# Your goal
Your job is to retype all of the data word for word, leaving every image out.

(Records from a data collection)
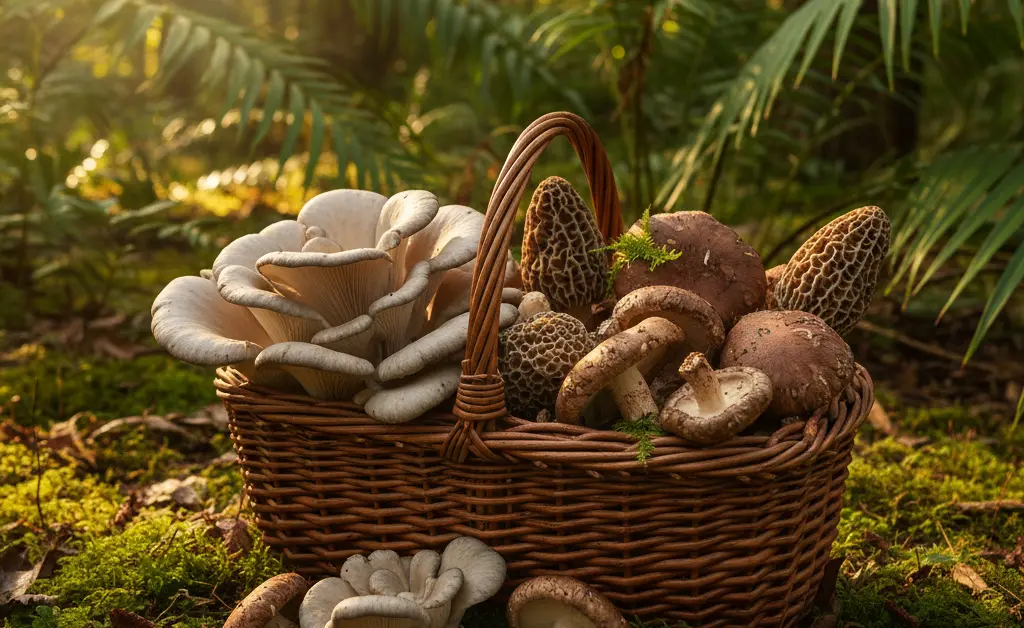 A Forager’s Guide to Florida’s Edible Mushrooms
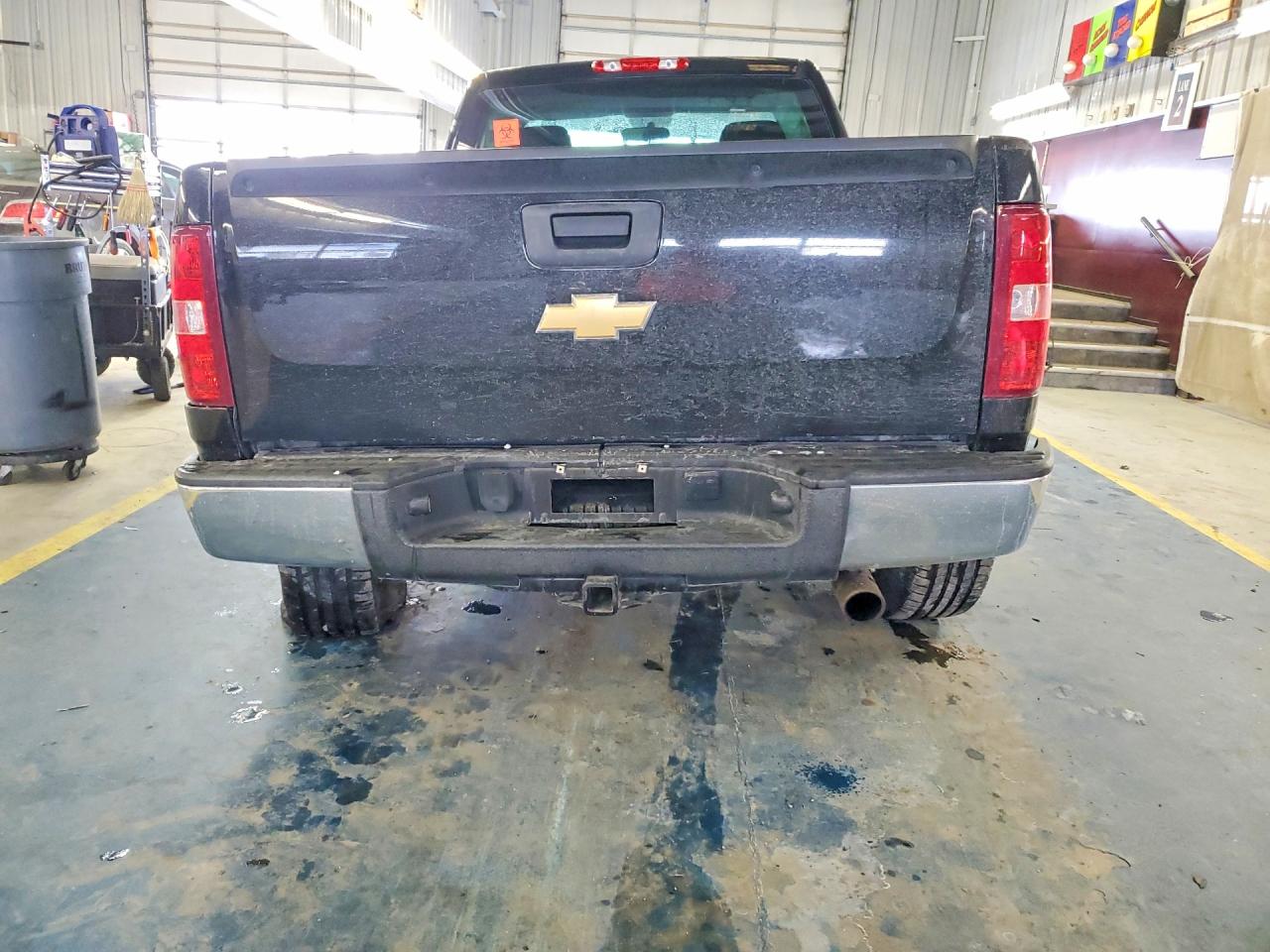 2013 Chevrolet Silverado K1500 Black vin: 1GCNKPE01DZ173271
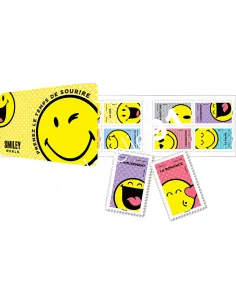Carnet 2145 - Prenez le temps de sourire – Le smiley fête ses 50 ans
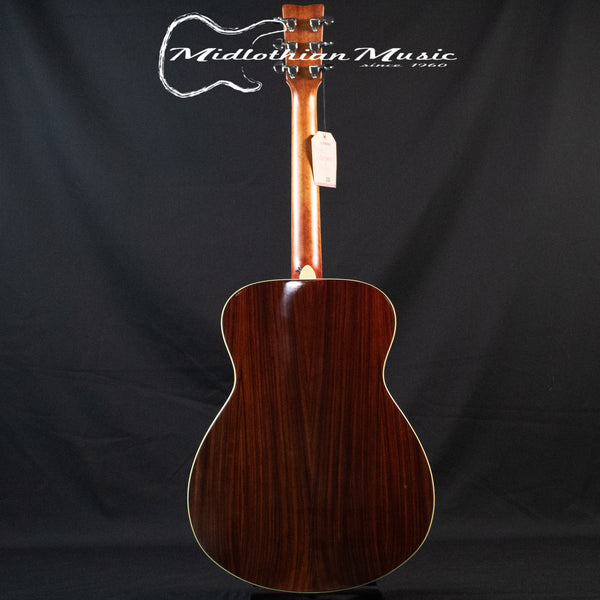 Yamaha FG830 Dreadnought Acoustic Guitar - Tobacco Brown Sunburst Finish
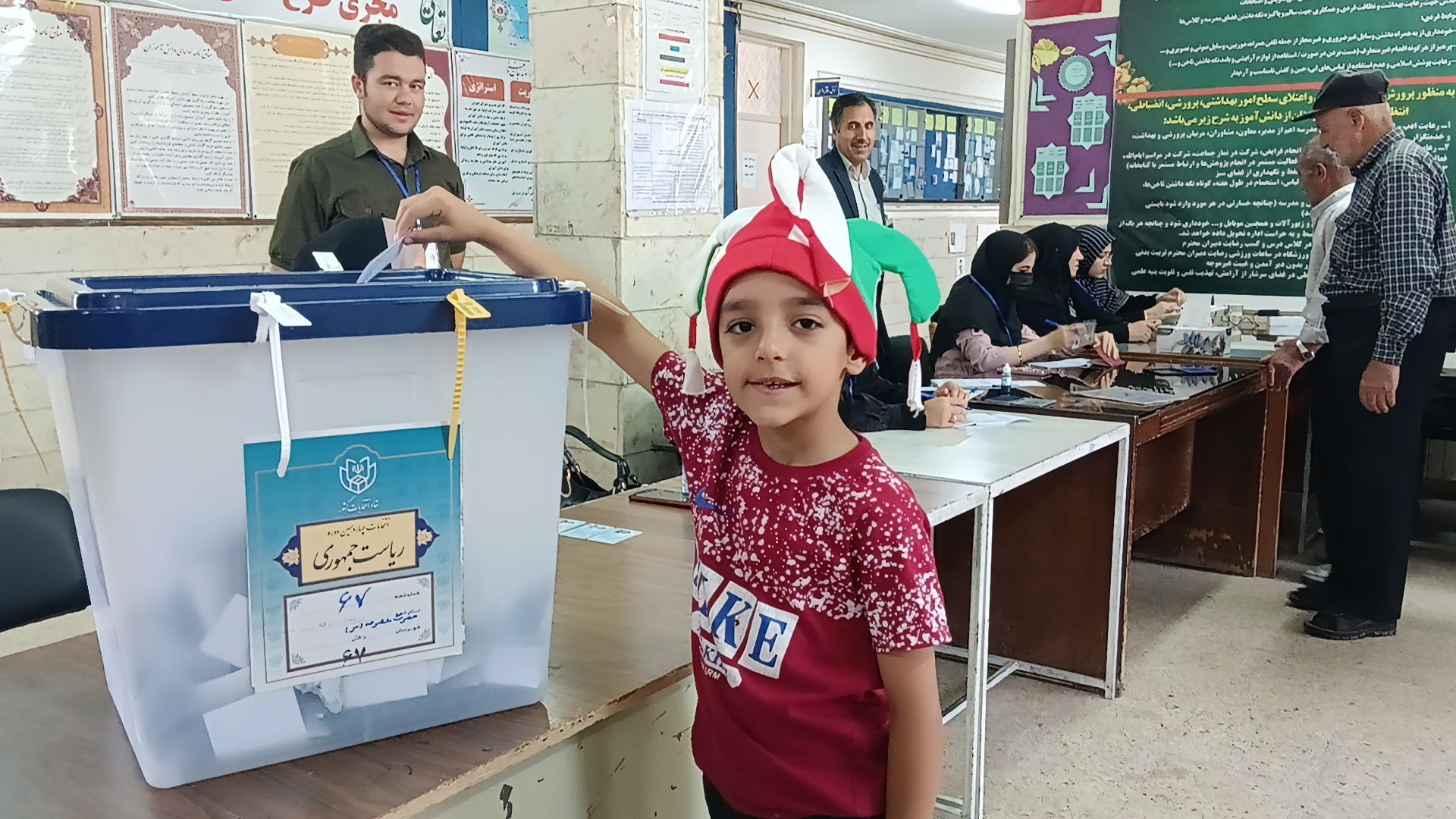 چهاردهمین انتخابات ریاست‌جمهوری در زنجان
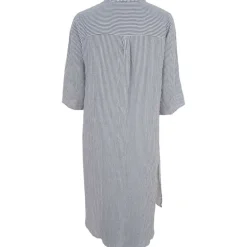 Black Colour BCMelina Linen Shirt Dress Grå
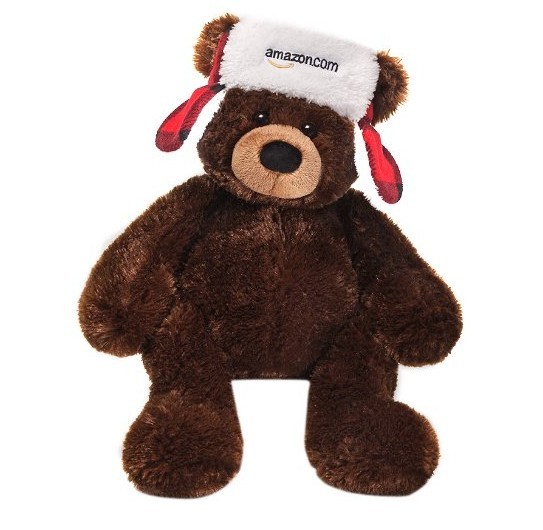 门槛再降：Amazon 2013款 Gund Collectible Bear 泰迪熊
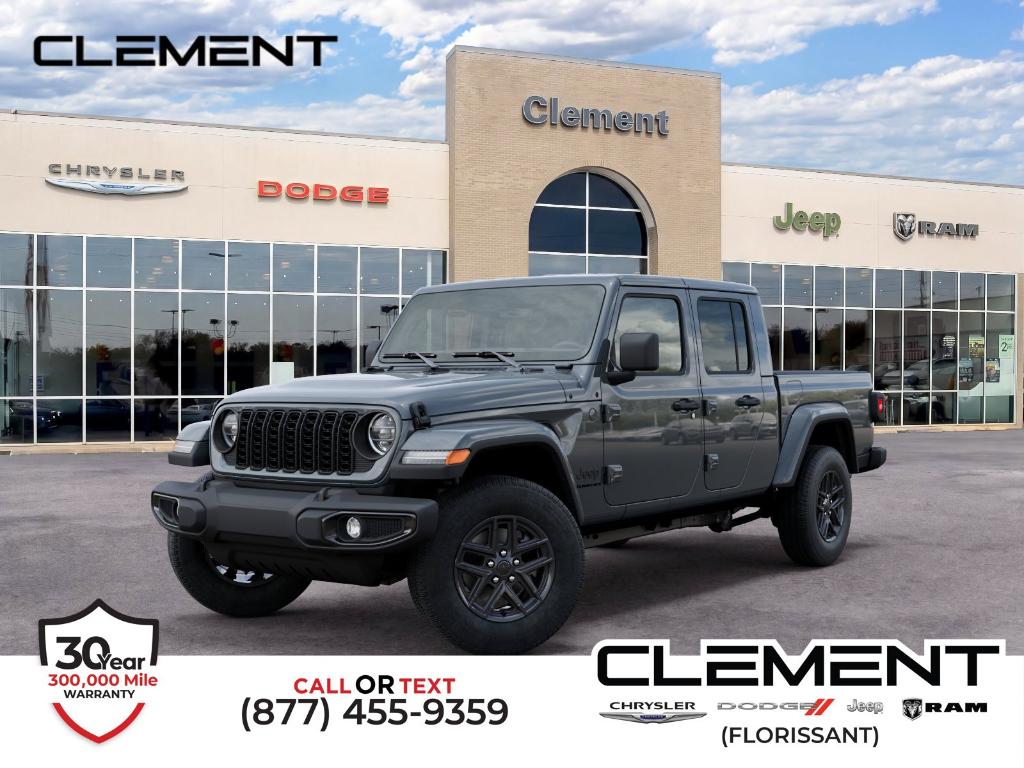 New 2026 Jeep Gladiator Sport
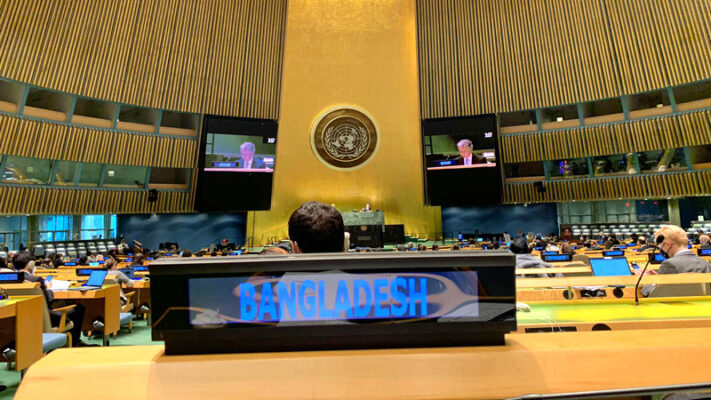 রোহিঙ্গাদের নিরাপদ প্রত্যাবর্তনেই একমাত্র শান্তিপূর্ণ সমাধান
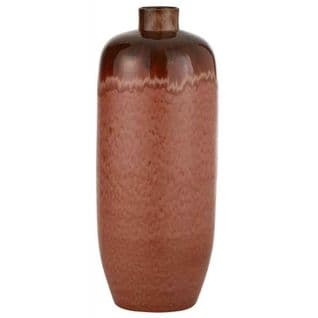 Vase Design En Céramique "aline" 90cm Rouge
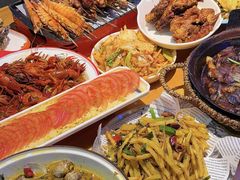 -四禧精酿铜锅涮肉·烧烤工场(大明湖店)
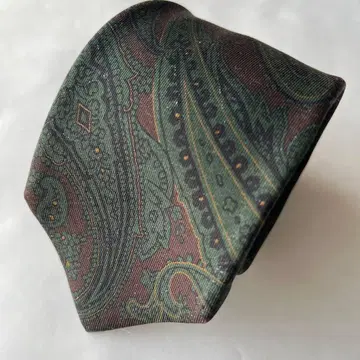 Paul Stuart 페이즐리 무늬 넥타이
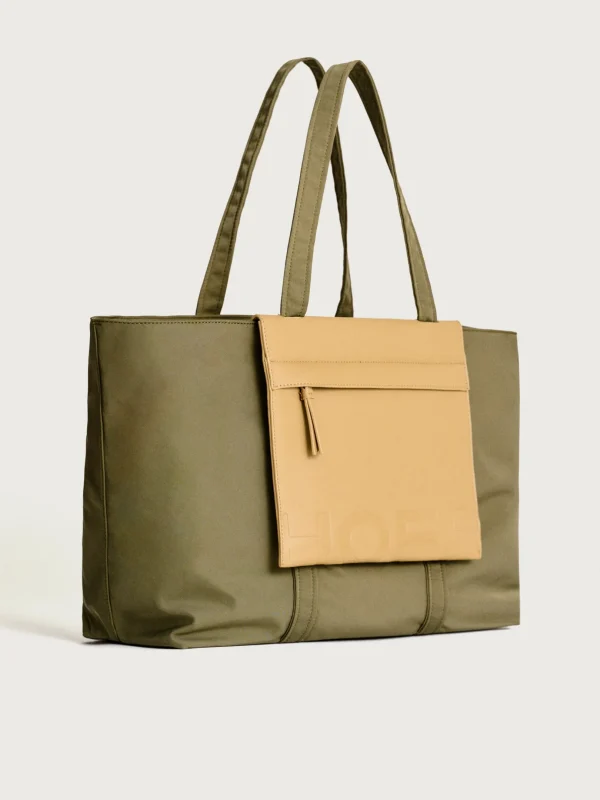 New HOFF SHOPPER NYLON DAILY KHAKI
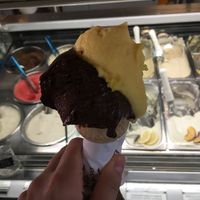 Chocolate Maracuja at Gelateria del Teatro in Rome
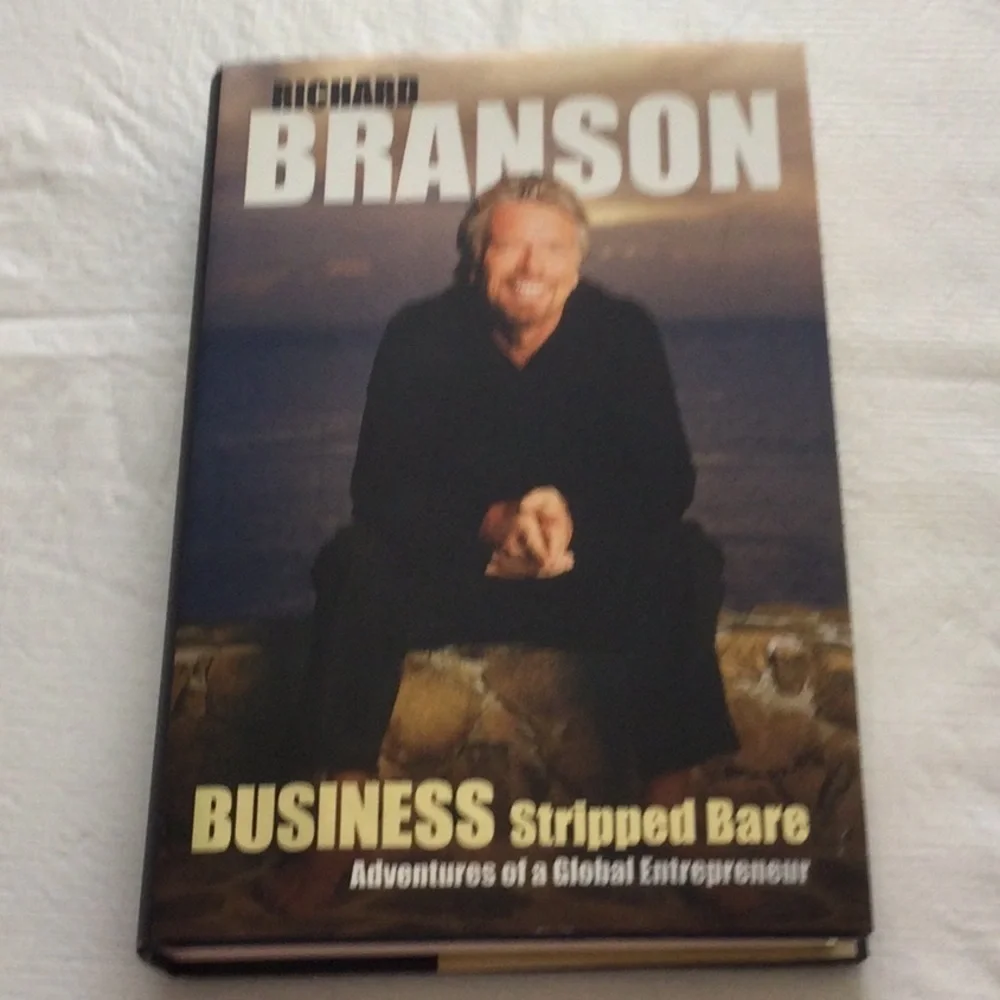 Business Stripped Bare Book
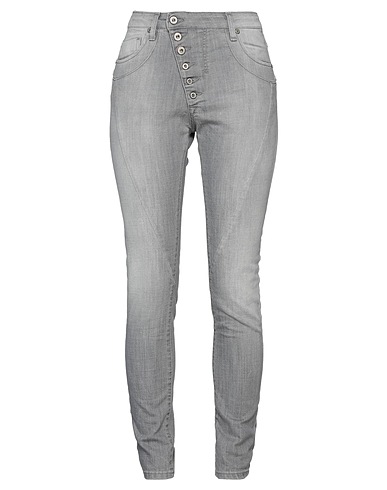 PLEASE Jeans Grau 91% Baumwolle, 9% Elastan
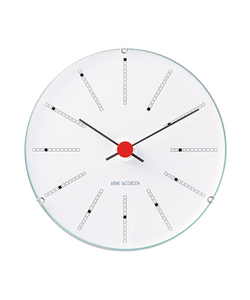 アルネ ヤコブセン 時計 バンカーズクロック 120mm 掛け時計 43688 北欧 Bankers ARNE JACOBSEN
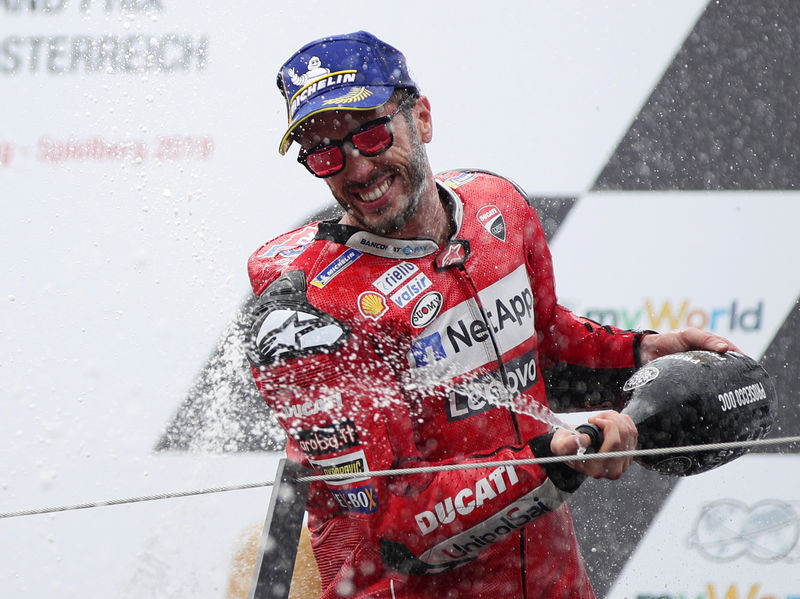© Reuters. MotoGP - Austrian Grand Prix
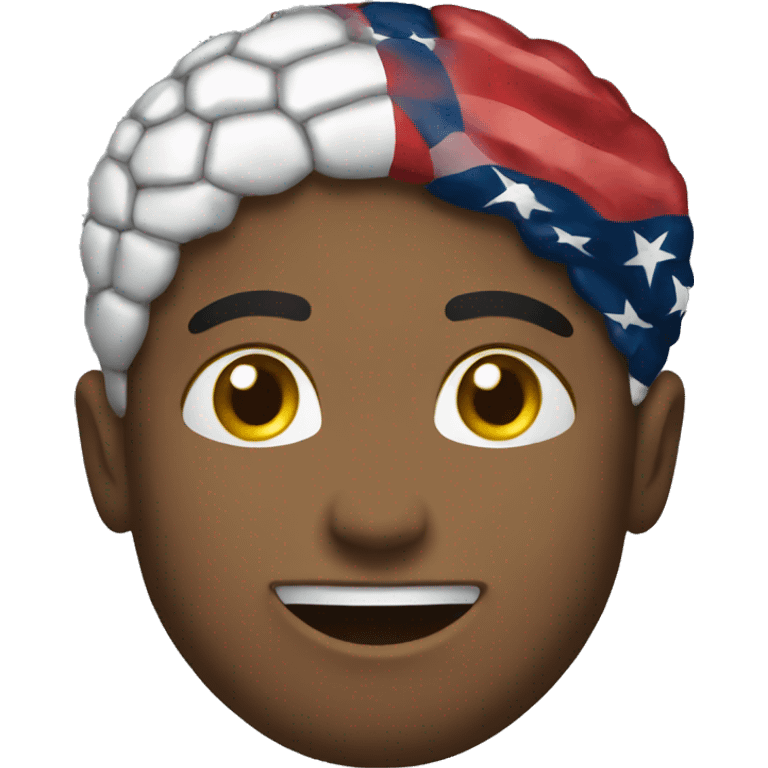 USA soccer emoji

# Exercise output
 A Forager’s Guide to Florida’s Edible Mushrooms
 2013 Chevrolet Silverado K1500 Black vin: 1GCNKPE01DZ173271
Carnet 2145 - Prenez le temps de sourire – Le smiley fête ses 50 ans
 Yamaha FG830 Dreadnought Acoustic Guitar - Tobacco Brown Sunburst Finish
 چهاردهمین انتخابات ریاست‌جمهوری در زنجان
 Black Colour BCMelina Linen Shirt Dress Grå
 门槛再降：Amazon 2013款 Gund Collectible Bear 泰迪熊
 New 2026 Jeep Gladiator Sport
 রোহিঙ্গাদের নিরাপদ প্রত্যাবর্তনেই একমাত্র শান্তিপূর্ণ সমাধান
 Vase Design En Céramique "aline" 90cm Rouge
 -四禧精酿铜锅涮肉·烧烤工场(大明湖店)
 Paul Stuart 페이즐리 무늬 넥타이
 New HOFF SHOPPER NYLON DAILY KHAKI
 Chocolate Maracuja at Gelateria del Teatro in Rome
 Business Stripped Bare Book
 PLEASE Jeans Grau 91% Baumwolle, 9% Elastan
 アルネ ヤコブセン 時計 バンカーズクロック 120mm 掛け時計 43688 北欧 Bankers ARNE JACOBSEN
© Reuters. MotoGP - Austrian Grand Prix
 USA soccer emoji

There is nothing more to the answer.